START Data for the task

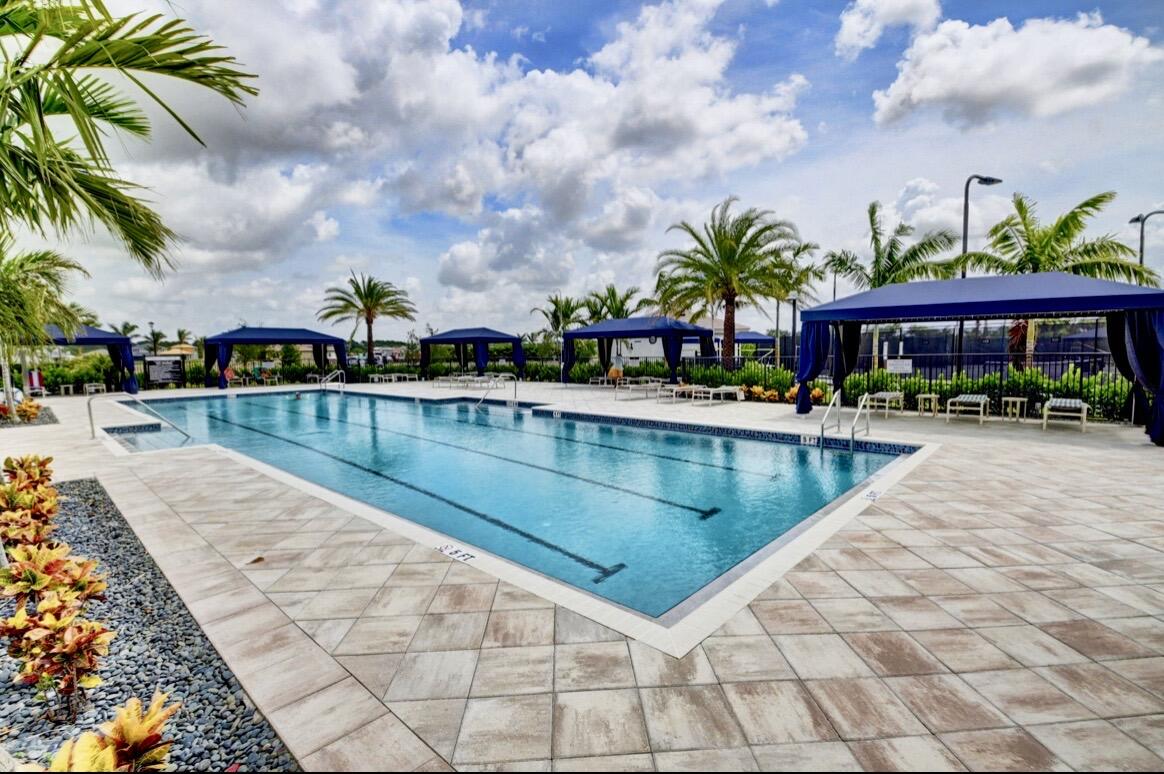 7879 Monarch Court Delray Beach, FL 33446 - Photo 65 of 74 a view of swimming pool with outdoor seating and yard in back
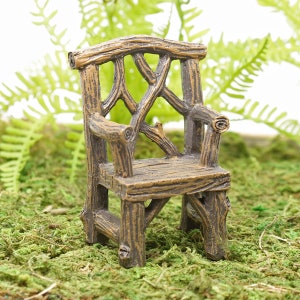 Puede incluir: Una silla de madera en miniatura con un diseño rústico de ramas. La silla es marrón y tiene una construcción simple y robusta.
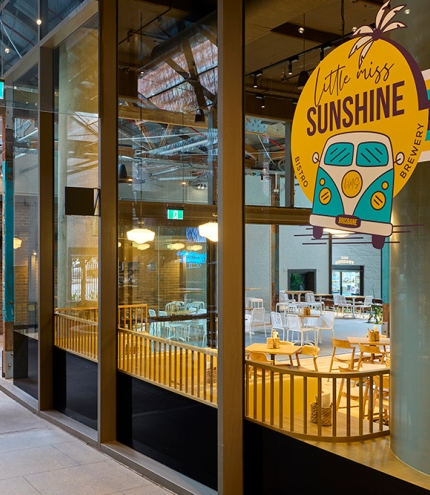Little Miss Sunshine Brisbane CBD front window with signage at Little Miss Sunshine Brisbane CBD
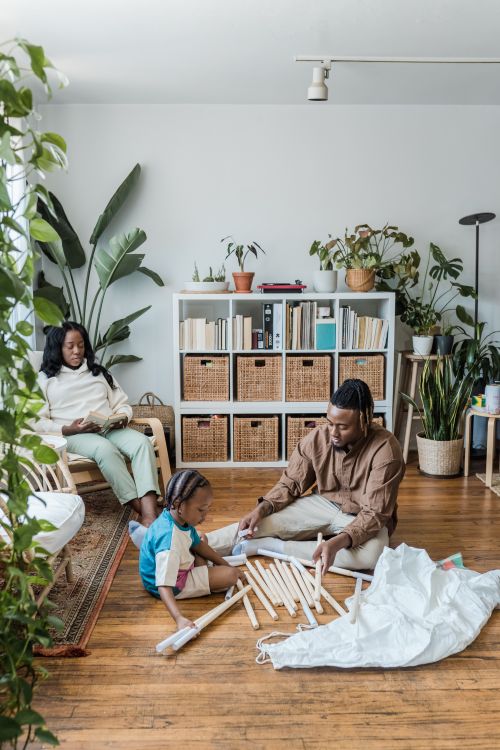 Free Father and child building a play tent at home while mother relaxes nearby in a cozy modern living room. Stock Photo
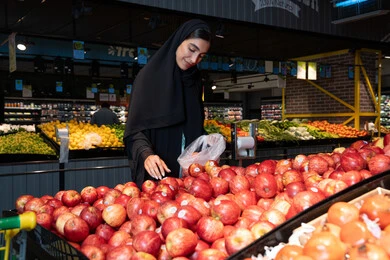 Emirati Woman Shopping for Red Apples in UAE Supermarket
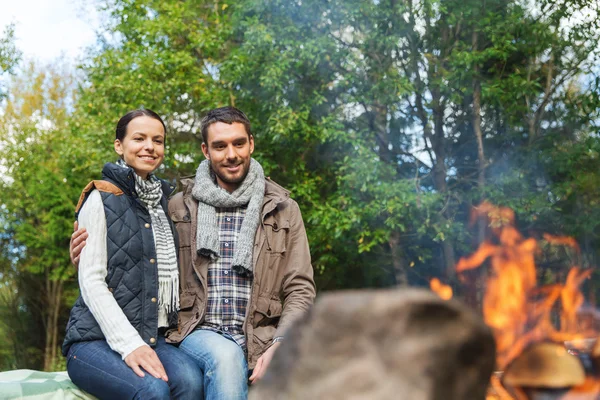 Heureux couple assis sur le banc près du feu de camp — Photo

END Data for the task

*Assignment*: Every entry above is to be repeated word for word, with all pictures omitted.

*Result for this task*:
 7879 Monarch Court Delray Beach, FL 33446 - Photo 65 of 74 a view of swimming pool with outdoor seating and yard in back
 Puede incluir: Una silla de madera en miniatura con un diseño rústico de ramas. La silla es marrón y tiene una construcción simple y robusta.
Little Miss Sunshine Brisbane CBD front window with signage at Little Miss Sunshine Brisbane CBD
 Free Father and child building a play tent at home while mother relaxes nearby in a cozy modern living room. Stock Photo
 Emirati Woman Shopping for Red Apples in UAE Supermarket
 Heureux couple assis sur le banc près du feu de camp — Photo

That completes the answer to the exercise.